Dirk Jan de Geer (14 December 1870 – 28 November 1960) was a Dutch politician of the defunct Christian Historical Union (CHU) now merged into the Christian Democratic Appeal (CDA). He served as Prime Minister of the Netherlands from 8 March 1926 until 10 August 1929 and from 10 August 1939 until 3 September 1940.

Life
Born in Groningen, he was a descendant of the De Geer family. After receiving his J.D. in 1895, De Geer worked as a journalist and acted as the town councillor of Rotterdam (1901–1907).

He served from 1907 as a Christian Historical member of Parliament. De Geer was a stable and respected politician before World War II. From 1920 to 1921, de Geer served as mayor of Arnhem. Between 1921 and 1923, he served as Minister of Finance. He resigned in 1923 because of his disagreement with the Naval Law of 1924. From 1925 to 1926, he served as Minister of the Interior and Minister of Agriculture. He was Prime Minister from 8 March 1926 to 10 August 1929. He also served as Minister of Finances from 1926 to 1933.

After the end of the fifth cabinet of Colijn, he was again asked to form a government in August 1939 and concurrently held the offices of Minister of Finance and of General Affairs. However, he was not suited for the role of prime minister of a nation at war, as he knew himself. When Nazi Germany attacked the Netherlands on 10 May 1940 (beginning of the Western campaign), the situation soon became very serious, and the government fled to Britain.

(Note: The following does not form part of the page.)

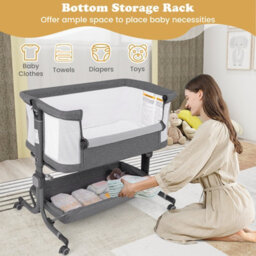 Costway Baby Bassinet Bedside Sleeper Bedside Crib W/ 6-Level Adjustable Height-Dark Grey - thumbnail 7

In Britain, De Geer advocated negotiating a separate peace between the Netherlands and Germany and damaged the Dutch government and Dutch morale by openly stating that the war could never be won. He was finally removed from office on the instigation of Queen Wilhelmina and replaced by Pieter Sjoerds Gerbrandy, officially on account of ill health.

Later, he was sent with a diplomatic package to the Dutch East Indies, now Indonesia. He never arrived there since on a stopover in Portugal, he left the flight and went to the Germans. who allowed him to return to his ailing wife and the rest of his family in the Netherlands.

That greatly angered Wilhelmina, who called him a traitor and deserter to the Dutch cause. He later wrote a controversial leaflet with "instructions" for the people on how to co-operate with the Germans. "With this pamphlet", the Dutch government-in-exile stated in a broadcast, "the writer has betrayed the Netherlands people, whatever happens to him personally". Wilhelmina warned De Geer that if he published the pamphlet, he would be put on trial after the conclusion of the war.

With the permission of the Reichskommissariat Niederlande, De Geer went through with the publication. After the war, he was found guilty of high treason in time of war and was stripped of all of his honorary titles. The Appeal Court confirmed the sentence of a year's imprisonment, with three years' probation but waived the fine of 20,000 guilders and the deprivation of the title "Minister of State".

He died some 15 years later in Soest.

Personal
On 11 August 1904, De Geer married Maria Voorhoeve (1 May 1883 – 6 April 1955).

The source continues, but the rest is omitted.